* **YOUR TASK**: Both the line with "Vila Da Sol" and the line with "Os sprzeciwu do wezwania" in the records below must appear in the output, along with every line between them, exactly and with nothing added.

[Dataset entries]
########################################
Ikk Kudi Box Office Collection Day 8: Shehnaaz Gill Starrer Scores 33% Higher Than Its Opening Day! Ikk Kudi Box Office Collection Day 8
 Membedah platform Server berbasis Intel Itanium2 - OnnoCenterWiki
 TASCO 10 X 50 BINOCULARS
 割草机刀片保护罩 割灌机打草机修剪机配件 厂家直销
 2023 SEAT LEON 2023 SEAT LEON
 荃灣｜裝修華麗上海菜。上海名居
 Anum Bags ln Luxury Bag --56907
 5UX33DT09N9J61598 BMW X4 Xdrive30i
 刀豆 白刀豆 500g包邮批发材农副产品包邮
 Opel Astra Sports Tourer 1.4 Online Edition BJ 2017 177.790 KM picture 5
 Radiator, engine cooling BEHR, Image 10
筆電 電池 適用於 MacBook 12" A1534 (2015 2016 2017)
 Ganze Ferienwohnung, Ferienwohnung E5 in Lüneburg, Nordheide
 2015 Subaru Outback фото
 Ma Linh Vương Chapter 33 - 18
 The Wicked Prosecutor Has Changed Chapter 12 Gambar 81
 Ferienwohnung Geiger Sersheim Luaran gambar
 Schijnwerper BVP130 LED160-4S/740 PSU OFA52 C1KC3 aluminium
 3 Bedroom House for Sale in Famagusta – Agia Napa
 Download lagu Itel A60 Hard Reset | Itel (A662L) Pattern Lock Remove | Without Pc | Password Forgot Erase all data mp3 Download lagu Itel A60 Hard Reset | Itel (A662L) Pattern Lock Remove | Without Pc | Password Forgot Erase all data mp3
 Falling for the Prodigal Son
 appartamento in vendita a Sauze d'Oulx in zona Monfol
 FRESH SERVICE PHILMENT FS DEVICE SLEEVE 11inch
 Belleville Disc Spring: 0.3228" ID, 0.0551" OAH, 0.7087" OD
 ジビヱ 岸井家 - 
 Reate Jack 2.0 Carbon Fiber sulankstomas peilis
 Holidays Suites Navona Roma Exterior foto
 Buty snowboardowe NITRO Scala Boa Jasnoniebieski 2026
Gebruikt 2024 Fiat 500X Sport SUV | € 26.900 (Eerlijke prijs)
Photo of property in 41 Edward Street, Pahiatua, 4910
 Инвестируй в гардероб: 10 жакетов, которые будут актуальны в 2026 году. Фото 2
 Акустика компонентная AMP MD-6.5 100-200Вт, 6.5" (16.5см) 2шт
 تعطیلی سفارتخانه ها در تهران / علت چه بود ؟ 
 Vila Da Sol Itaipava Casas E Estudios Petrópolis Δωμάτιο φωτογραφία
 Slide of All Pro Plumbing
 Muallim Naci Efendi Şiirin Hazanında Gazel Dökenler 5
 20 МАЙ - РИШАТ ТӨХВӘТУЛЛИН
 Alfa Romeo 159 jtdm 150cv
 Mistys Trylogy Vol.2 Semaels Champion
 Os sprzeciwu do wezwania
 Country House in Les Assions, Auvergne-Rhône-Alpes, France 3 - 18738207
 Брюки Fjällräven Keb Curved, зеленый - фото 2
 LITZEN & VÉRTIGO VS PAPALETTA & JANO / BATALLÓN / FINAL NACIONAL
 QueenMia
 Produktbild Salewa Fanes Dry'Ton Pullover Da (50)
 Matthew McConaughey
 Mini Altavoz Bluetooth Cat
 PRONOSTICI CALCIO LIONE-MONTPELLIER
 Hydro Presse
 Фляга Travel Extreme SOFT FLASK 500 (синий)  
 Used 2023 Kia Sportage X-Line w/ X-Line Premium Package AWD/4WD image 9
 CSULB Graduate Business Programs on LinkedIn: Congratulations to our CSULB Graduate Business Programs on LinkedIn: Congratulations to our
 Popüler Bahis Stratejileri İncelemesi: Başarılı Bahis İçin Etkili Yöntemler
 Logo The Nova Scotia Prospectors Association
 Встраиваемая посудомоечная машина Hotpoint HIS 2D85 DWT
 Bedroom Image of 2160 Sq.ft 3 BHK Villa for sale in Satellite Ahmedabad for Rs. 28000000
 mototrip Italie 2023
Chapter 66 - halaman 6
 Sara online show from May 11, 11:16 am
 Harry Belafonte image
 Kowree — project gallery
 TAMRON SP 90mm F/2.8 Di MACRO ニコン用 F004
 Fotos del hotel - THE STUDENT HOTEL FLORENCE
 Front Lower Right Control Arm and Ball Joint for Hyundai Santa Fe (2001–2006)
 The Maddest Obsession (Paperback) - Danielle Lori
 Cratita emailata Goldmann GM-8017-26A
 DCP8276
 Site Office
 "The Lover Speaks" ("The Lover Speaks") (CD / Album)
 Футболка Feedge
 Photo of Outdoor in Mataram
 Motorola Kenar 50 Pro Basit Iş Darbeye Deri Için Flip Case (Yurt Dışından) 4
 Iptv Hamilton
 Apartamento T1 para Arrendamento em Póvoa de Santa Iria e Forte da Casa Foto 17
########################################
* **TASK RESULT**:
 Vila Da Sol Itaipava Casas E Estudios Petrópolis Δωμάτιο φωτογραφία
 Slide of All Pro Plumbing
 Muallim Naci Efendi Şiirin Hazanında Gazel Dökenler 5
 20 МАЙ - РИШАТ ТӨХВӘТУЛЛИН
 Alfa Romeo 159 jtdm 150cv
 Mistys Trylogy Vol.2 Semaels Champion
 Os sprzeciwu do wezwania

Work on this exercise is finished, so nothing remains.